Cliché extrait de Gespräche mit Frans Masereel par Pierre Vorms, 1967.

La destruction est si facile que beaucoup la pratiquent avec des justifications qui m’écœurent, elle leur permet sans douleur d’agrandir leur champ d’action pour briser un objet d’art, faucher une fleur sauvage, brûler une forêt, blesser un esprit, assassiner un animal ou un enfant. Quand la destruction devient un mal nécessaire, c’est un échec qu’aucune justification ne rendra meilleur, la mutilation d’un membre qui ne repoussera pas, une tragédie dont on ne doit pas se louer.

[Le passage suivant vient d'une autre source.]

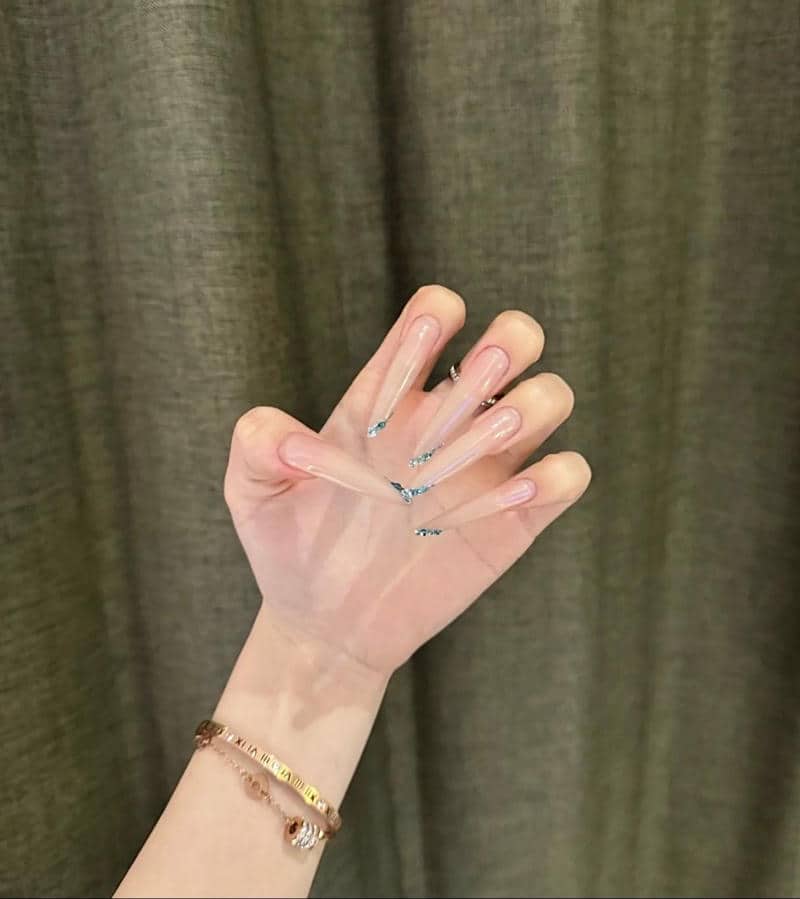 ảnh mẫu nail nhọn đơn giản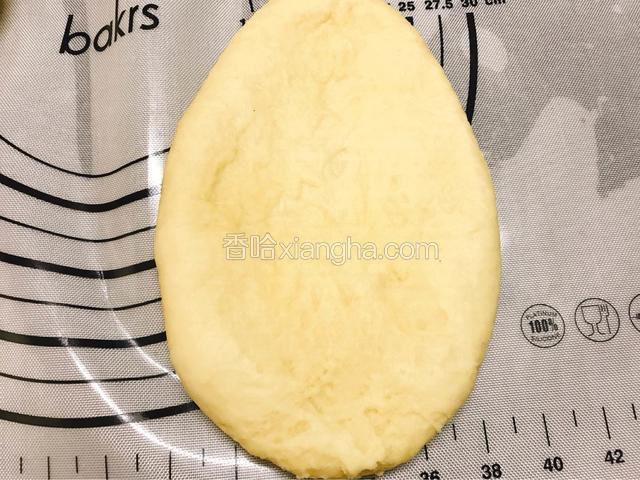用擀面杖擀成牛舌状。
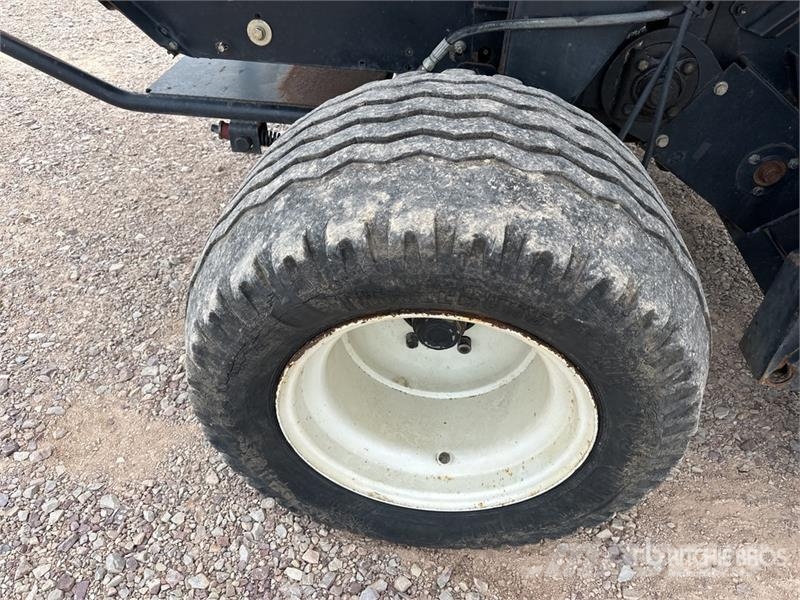 New Holland BR750A محزمات مستديرة
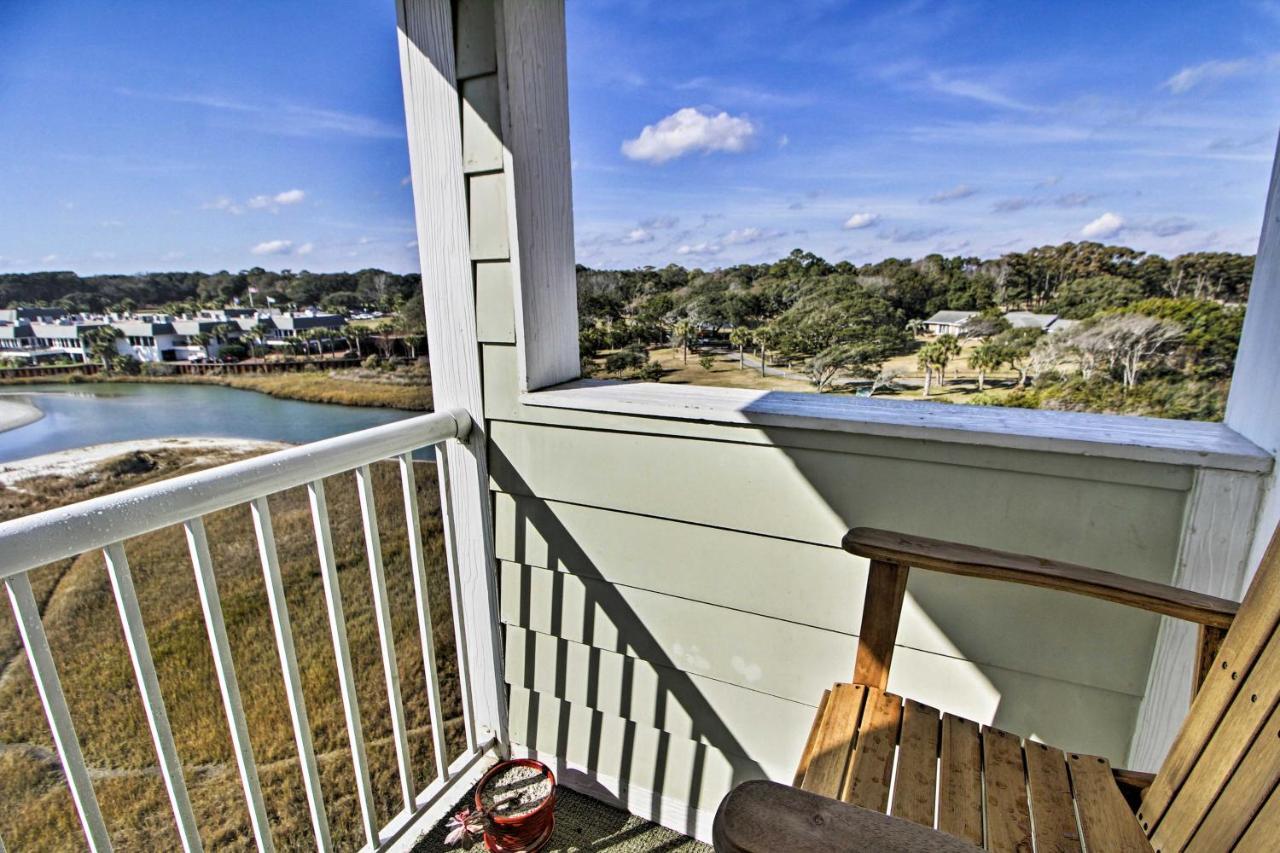 Sands Club With Ocean Views And Amenities!
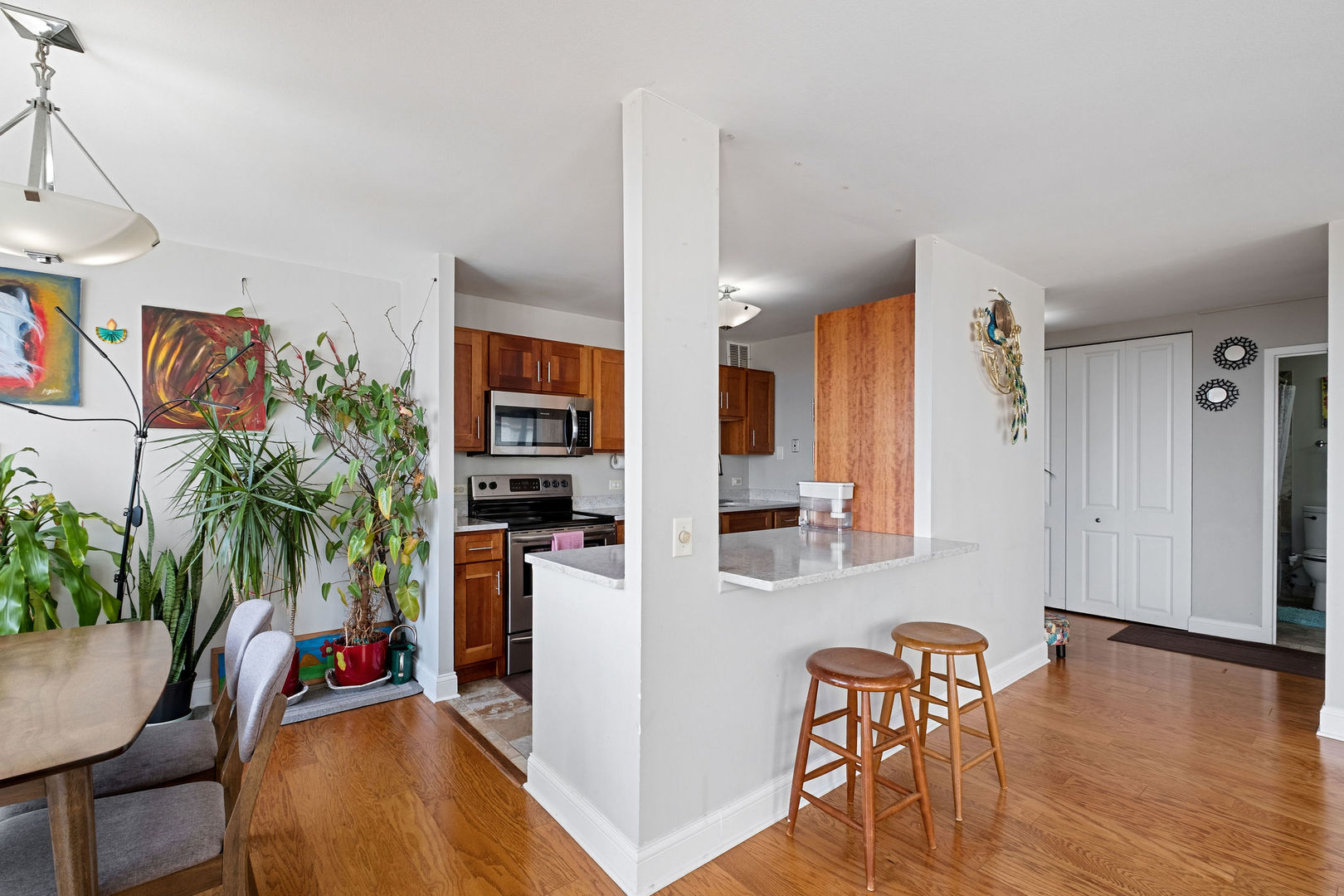 5445 North Sheridan Road Chicago IL 60640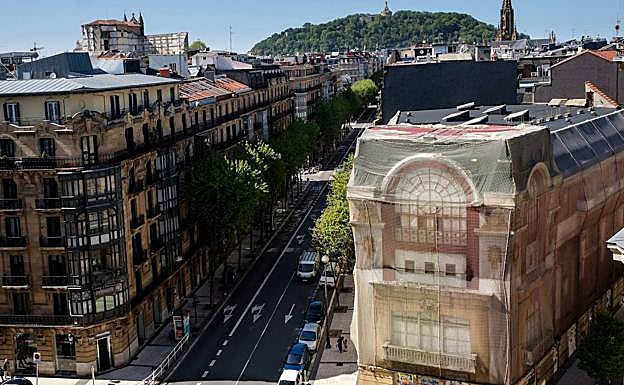 La obra solicitada derribaría la cubierta para actuar en el techo del patio de butacas.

Les destructeurs satisfaits d’eux-mêmes, les destructeurs organisés autour d’une fausse philosophie humaine, de la religion ou de l’argent, les destructeurs raisonnables qui s’accordent le mérite de leur intelligence, les destructeurs qui se pardonnent me font horreur. Ils ne connaissent pas le poids que chaque pacifiste s’ajoute sur la conscience quand il détruit, la culpabilité qu’il accepte et ne cherche pas à glorifier, cette gloire le répugne.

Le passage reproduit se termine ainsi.